Start of Block
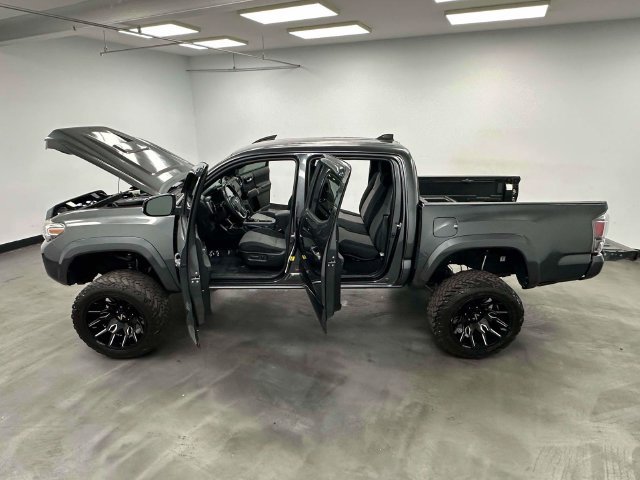 Used 2020 Toyota Tacoma TRD Sport AWD/4WD image 19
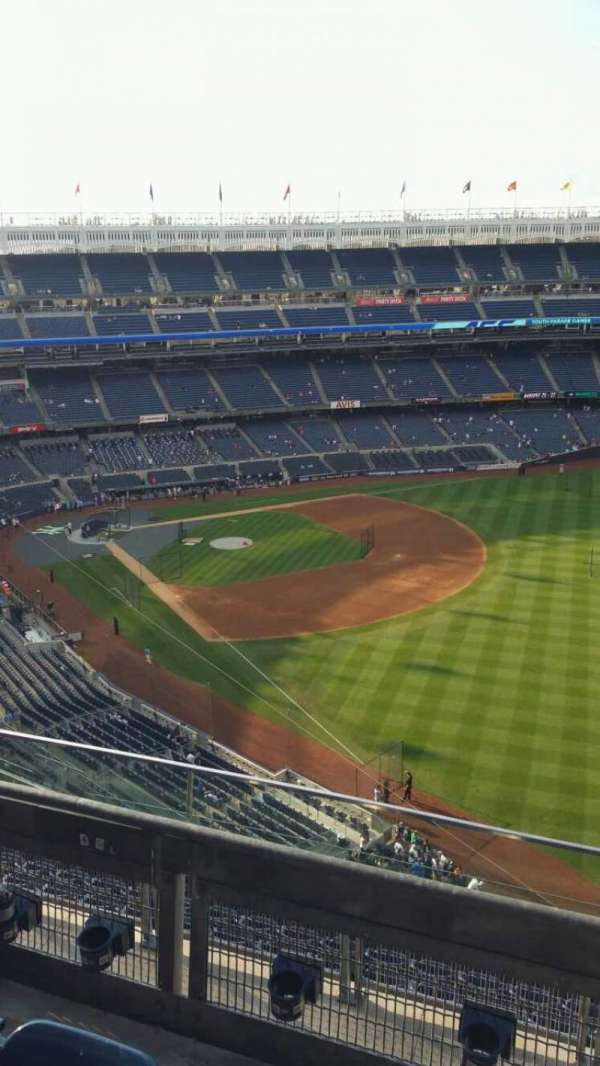 Yankee Stadium, section: 409, row: 3, seat: 3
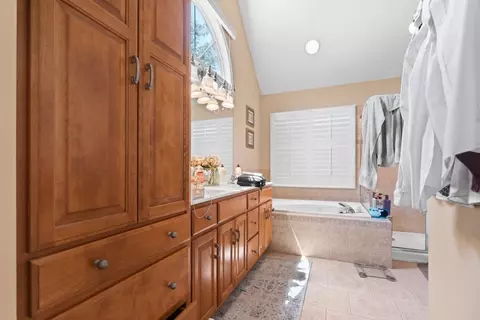 Bath - 1018 Timber Edge Dr, Morris, IL 60450 photo 2 of 3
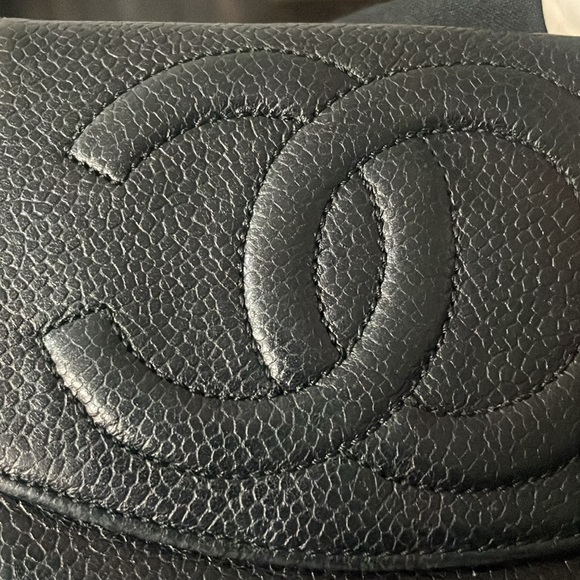 CHANEL BLACK Wallet GUC - Picture 4 of 17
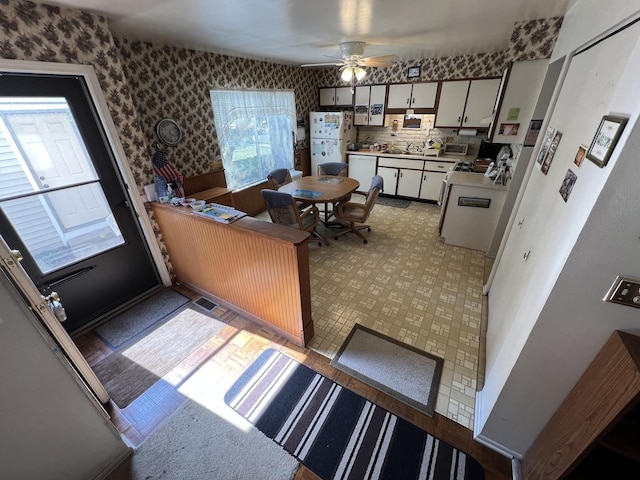 1096 Cascade Dr, Aurora, IL 60506 - photo 5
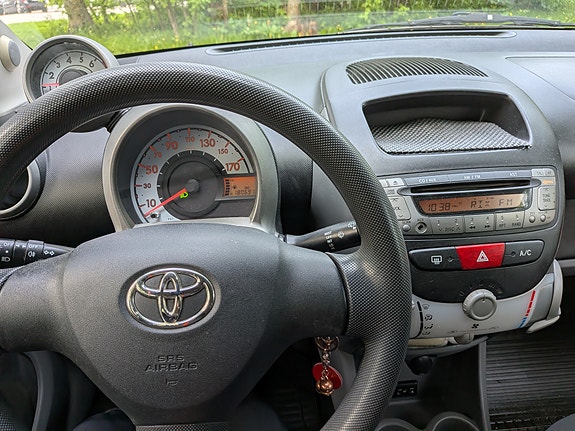 Toyota Aygo 9 of 13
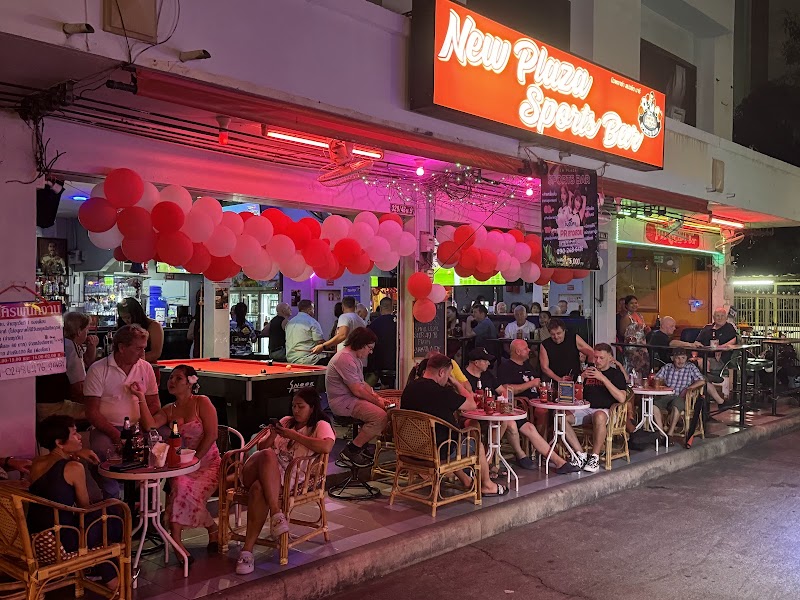 New Plaza Sports Bar, Soi 8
End of Block
### About this exercise
Transcribe all lines above exactly, skipping pictures.

### Answer to the exercise
 Used 2020 Toyota Tacoma TRD Sport AWD/4WD image 19
 Yankee Stadium, section: 409, row: 3, seat: 3
 Bath - 1018 Timber Edge Dr, Morris, IL 60450 photo 2 of 3
 CHANEL BLACK Wallet GUC - Picture 4 of 17
 1096 Cascade Dr, Aurora, IL 60506 - photo 5
 Toyota Aygo 9 of 13
 New Plaza Sports Bar, Soi 8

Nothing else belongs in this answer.